Record excerpts section start

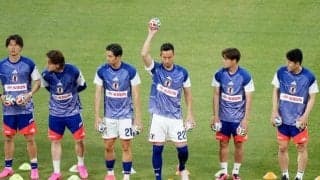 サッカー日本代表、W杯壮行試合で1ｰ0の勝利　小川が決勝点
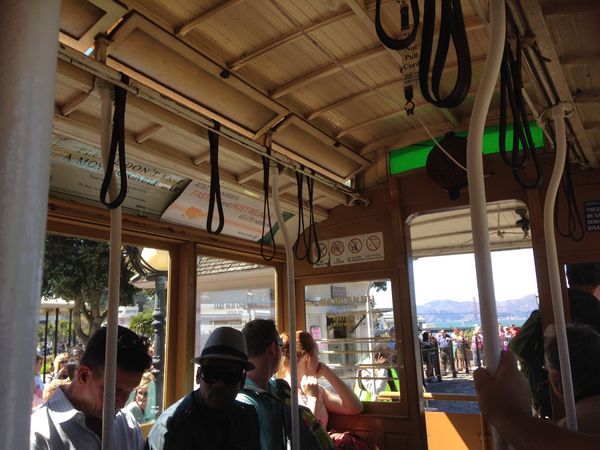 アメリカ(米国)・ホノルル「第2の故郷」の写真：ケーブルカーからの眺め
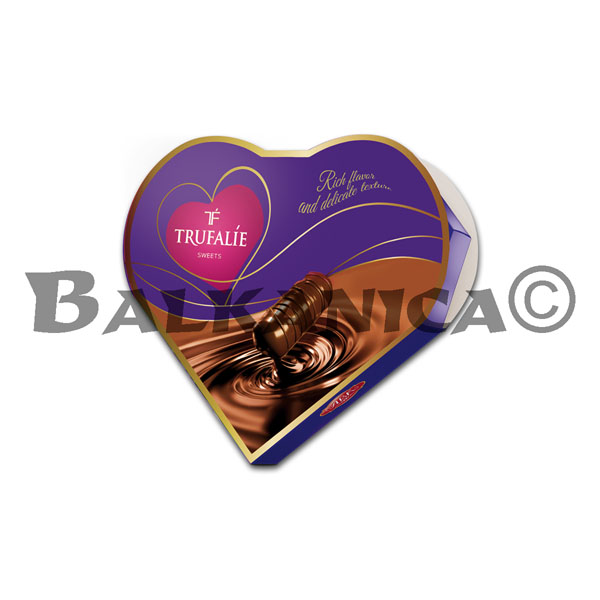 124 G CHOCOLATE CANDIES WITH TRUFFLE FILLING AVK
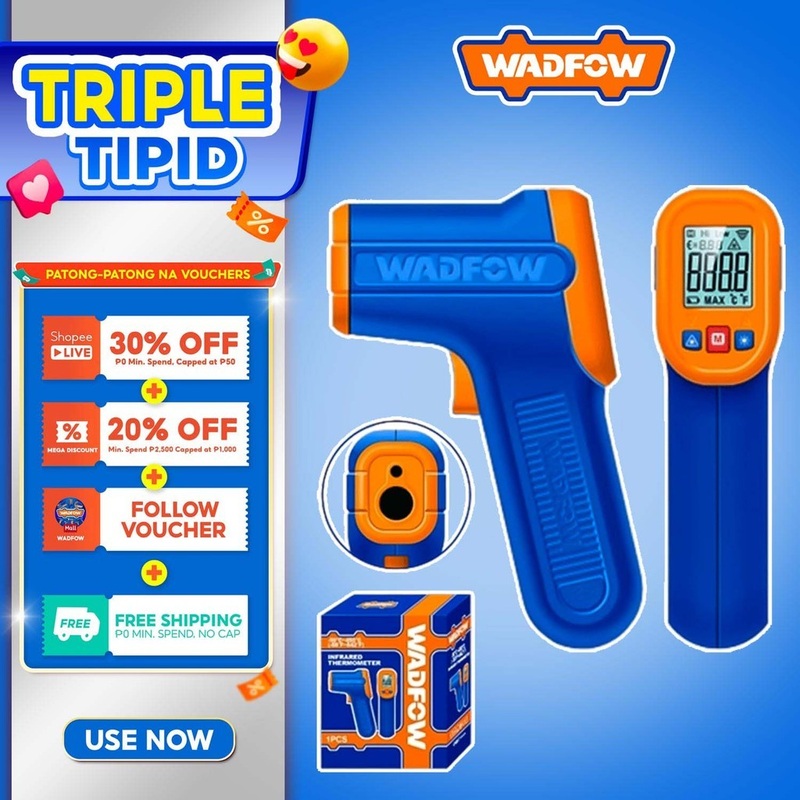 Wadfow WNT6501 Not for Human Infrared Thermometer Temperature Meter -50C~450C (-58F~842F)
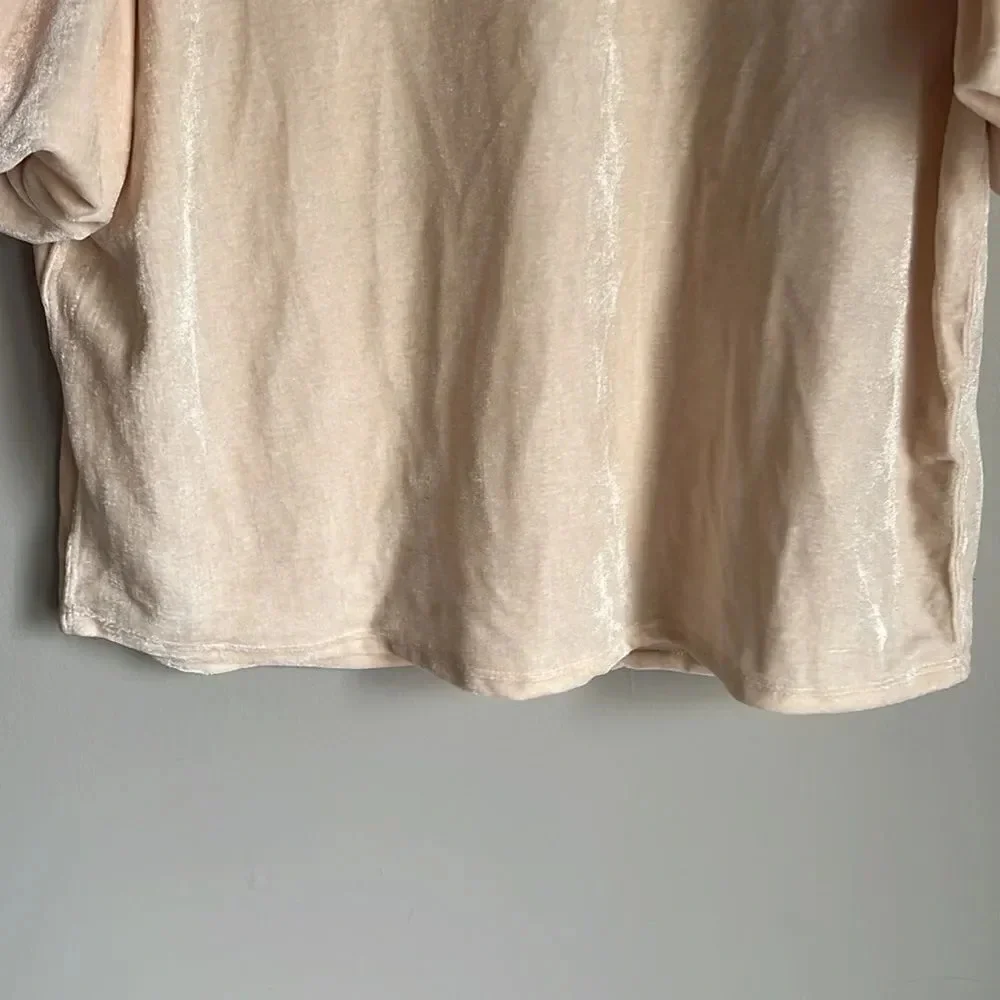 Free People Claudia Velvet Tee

Record excerpts section end
Record excerpts section start

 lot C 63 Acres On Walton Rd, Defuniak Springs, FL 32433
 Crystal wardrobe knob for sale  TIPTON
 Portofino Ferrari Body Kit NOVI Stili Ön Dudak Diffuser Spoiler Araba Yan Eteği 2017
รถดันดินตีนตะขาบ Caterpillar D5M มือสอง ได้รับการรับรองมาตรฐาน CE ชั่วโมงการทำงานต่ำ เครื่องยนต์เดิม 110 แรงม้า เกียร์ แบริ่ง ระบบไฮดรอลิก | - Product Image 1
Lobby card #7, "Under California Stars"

Record excerpts section end

[Required action]
Starting at the line above that holds "124 G CHOCOLATE", return each line up to and including the one that holds "Free People Claudia Velvet Tee", exactly as written, minus any pictures.

[Solution to the problem]
 124 G CHOCOLATE CANDIES WITH TRUFFLE FILLING AVK
 Wadfow WNT6501 Not for Human Infrared Thermometer Temperature Meter -50C~450C (-58F~842F)
 Free People Claudia Velvet Tee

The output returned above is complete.